This summer I was lucky enough to travel for two weeks around Europe by car, visiting countries like France and Italy. Of course, just about everything we ate was delicious. I tasted the best pizza and gelato I had ever had within two days of each other. The trip was a foodie’s dream. Throughout my next couple of posts, I will try and share a few photos of some of the food we ate and sights we saw, an effort to spread inspiration and belly-yearning.
When I got home, peaches were juicy and apricots were tender; stone fruit season had arrived. Hopefully, summer fruits are still available to you so that you can enjoy this absolutely amazing jam. This was my first try at making homemade jam, and I was surprised how easy it was. The day I made it, I woke up around 8 AM and was eating the finished jam on toast by 8:40 AM. Pretty convenient, right? We had so much of it that I thought it would last longer, but it was gone within a week. I realize that the jam has a lot of sugar in it, but I actually tried a second batch with less sugar and, in addition to being much less sweet, did not come together to the same consistency. This is because the sugar acts not only as a sweetener but also a thickener and preserver. Jams with less sugar also do not last as long. Use the jam on toast, ice cream, yogurt, sandwiches, or anything else you can think of!
Adapted from David Lebovitz
- 2 1/4 pounds (1kg) fresh apricots
- 1/4 cup (60ml) water
- 3 cups (600g) sugar
- 1 teaspoon freshly squeezed lemon juice
- optional: 1 teaspoon kirsch
1. Cut the apricots in quarters and extract the pits.
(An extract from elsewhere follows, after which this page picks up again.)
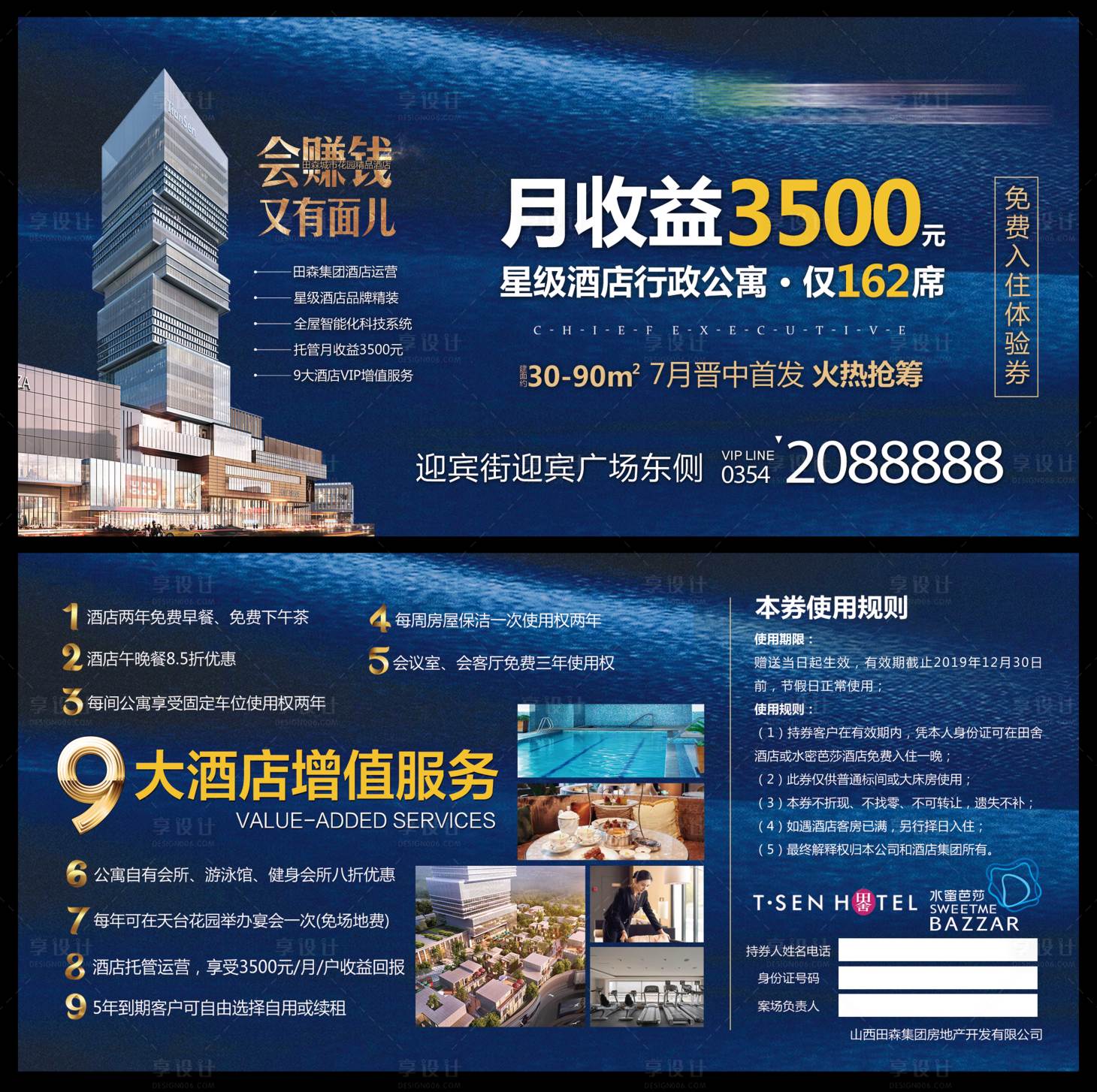 源文件下載【享設計】搜索編號：78180005423997644【地產酒店體驗券】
If you wish, crack a few open and put a kernel in each jam jar you plan to fill.
2. Place the apricots in a stockpot or Dutch oven, and add the water. Cover the pot and cook, stirring frequently, until the apricots are tender and cooked through.
3. Put a small plate in the freezer.
4. Add the sugar to the apricots and cook, uncovered, skimming off any foam that rises to the surface. As the mixture thickens and reduces, stir frequently to make sure the jam isn’t burning on the bottom.
5. When the jam looks thick and is looks slightly-jelled, turn off the heat and put a small amount of jam on the chilled plate. Put back in the freezer for a few minutes, then do the nudge test: If the jam mounds and wrinkles (as shown in the photo), it’s done. If not, continue to cook, then re-test the jam until it reaches that consistency.
(You can use a candy thermometer if you wish. The finished jam will be about 220ºF, 104ºC.)
6. Once done, stir in the lemon juice and kirsch, if using, and ladle the jam into clean jars. Cover tightly and let cool to room temperature. Once cool, refrigerate until ready to use.
Storage: I find this jam will keep up to one year if refrigerated. If you wish to can it for long-term preservation, you can refer to the USDA Canning Guidelines for techniques.